The first problem I encountered was with the Earnings section of the application. In this section, you have to prove that you made a certain amount of income during 12 of the last 15 months. Unfortunately, to prove this income, you have to have two sources of documentation to prove it. One of those is bank statements. However, if your bank statements are e-statements, you have to have your bank stamp them with the official stamp of the bank.
What the Home Office doesn’t realize is that the UK is the only country in the civilized world that still uses a physical stamp for banking purposes. When I called my bank in the US to ask them to stamp my statements, they were utterly confused.

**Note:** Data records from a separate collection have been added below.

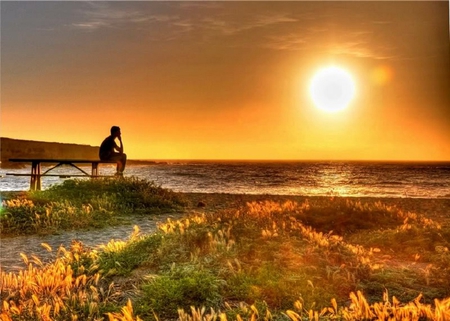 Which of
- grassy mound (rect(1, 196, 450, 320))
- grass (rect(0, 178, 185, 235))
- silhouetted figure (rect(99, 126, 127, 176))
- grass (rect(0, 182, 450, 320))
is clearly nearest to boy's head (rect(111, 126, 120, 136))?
silhouetted figure (rect(99, 126, 127, 176))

Seven phone calls to seven different branches later, I finally found one that had a stamp.
Then came the process of sending the statements to my mother along with a letter of authorization for her to get them stamped on my behalf. She was kind enough to do this for me, then mailed the statements to me. That would be the end of the story except for the fact that the good people of the Royal Mail decided to go on strike for a few weeks. Needless to say, I never received the envelope with the statements, and had to repeat the entire process. It took almost a month.
The next problem came with the UK Experience part of the application. This section gives you five points for having studied in the UK (not me) or for having worked in the UK (me). The problem here is that at least a certain amount of your earnings have to be “UK earnings.” What does that mean? Does that mean that this includes earnings made while working in the UK but getting paid in the US (which was my case for awhile), or does that only include earnings made while working in the UK and being paid in the UK? I have no idea.
Apparently neither do the people at the Home Office help desk, which I called multiple times and from which I got multiple different answers. Incidentally, none of those answers were the correct one, as I later learned when I was awarded these five points but not in the way that the people at the help desk claimed that the points would be awarded. This begs the question: if the Home Office doesn’t know the answers to my visa questions, how in the world should I be expected to know the answers?
The third problem with the visa came when the application was updated after I had already printed all 150 pages of it. I then had to kill several additional trees to print another copy, after which I nearly killed myself when I saw that the cost of the application had more than doubled in one day. 850 pounds later, there’s still no guarantee that they’ll give you the visa. And if they don’t, they keep your money. How kind of them.
There were many more obstacles to my Tier 1 application process, but I’ll stop there for now lest I scare anyone off from applying for one in the future.
After the ordeal of the application process and the agony of waiting to see if I would get approved, I finally received my visa in the mail and had a small impromptu dinner celebration at the local pub. After two years of anxiety over whether or not I would get my visa renewed, it was such a relief to have my Tier 1 in hand.
Yes, the UK is now stuck with me for at least three more years. After that, I’ll have to apply for indefinite leave to remain, which I’ve heard is a much easier process than the Tier 1 application. I’ll believe it when I can sit down and apply for it in less than two months, after having spent less than two hours on hold with the help desk, after printing out the application less than two times, and after less than two weeks of postal strikes right when I need the government-run enterprises to come through for me.